Saturday, August 22, 2015

"Utah, We Love Thee" (Whatever You Mean)

Look it up. Nobody can explain the origin of the name "Utah." We think it comes from a Native American word but there are all kinds of theories. It could be Navajo or some variation of Ute or Paiute or Shoshone language. It may even be a Spanish term.

My quandary began when I was working through ancestry.com on some relatives I thought I knew pretty well. There is always something more to learn.

Wood Family Cemetery on a rainy Memorial Day
A great historical site not to miss in Bountiful, Utah is the Daniel Wood Family Cemetery. It sits in a rather odd place on 5th West (old 89), just north of McDonalds on 5th South by the Verizon store. It was earlier the south-east corner of Daniel Wood's farm where he had his orchard. Now, I-15 runs through the middle of his farm.


As noted on the DUP marker, there are three Native Americans buried in the family cemetery. They were considered family. They are sealed to Daniel Wood and his second wife Peninah. She cared for them which makes perfect sense because Peninah was part Native American herself.

My quandary came in trying to designate the proper place of birth of the Native children Lucy, Mary, and Thomas. They all went by those Christian names with the name "Utah" as sort of surname, or middle name as adopted Woods. They came into the family in 1849 having been born before the Mormon Pioneers arrived. There was officially no Utah Territory until the Act of 1850. (This was part of the Compromise of 1850). Brigham Young wanted to call the territory (or independent State), "Deseret" for the communal honeybee, but he didn't always get his way with the feds.

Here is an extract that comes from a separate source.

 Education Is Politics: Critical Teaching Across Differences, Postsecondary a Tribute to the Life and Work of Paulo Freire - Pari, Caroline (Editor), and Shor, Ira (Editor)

As the children were born before the War with Mexico, the land was claimed by Mexico and the Spanish before that. It didn't seem right that I designate their birthplaces as Mexico or even "Upper California." With the exception of the brief visit by Dominguez and Escalante, the Spanish exerted no jurisdiction over the mountain valleys of what is now Utah. If this land belonged to anyone, it was the people we now call the Utes. "Utah" is still right for them. This is what I wrote in my note for Lucy Utah on Ancestry:
With "Utah" in her name, she may have been considered a Ute Indian. There were children adopted by Mormon Families after the skirmish at Battle Creek, Utah Valley (now Pleasant Grove). The battle occurred on 5 March 1849. The Utes were surrounded while sleeping by Mormon Militia. Awake, they found themselves trapped. Negotiations to have the Utes surrender failed and the Ute men were killed. Women and children were taken to Salt Lake City and cared for. Most of them left to find relatives. Some children were adopted. They could have been orphans or Paiute or even Mexican slaves.
I have an additional theory. While visiting at Santa Barbara Mission, California last Fall, I purchased a poster of a 1848 Fremont Map of the Western lands that became part of the United States through the Treaty of Guadalupe Hidalgo and a Treaty with Great Britain for the Pacific Northwest (even if I still would have liked to have it up to 54'40).


If you zoom in just south of the Great Salt Lake with its "Mormon Settlements" noted along the east shore below the mountains, you will see "UTAH." The print-type is the same as the names for other Native Peoples throughout the West. Fremont didn't get a lot of the the native names right along with his imaginary mountain ranges, but Congress had this official US Map and it only seemed logical to name the area "Utah."

Utah is the right place for the birth of Mary, Lucy, and Thomas Utah.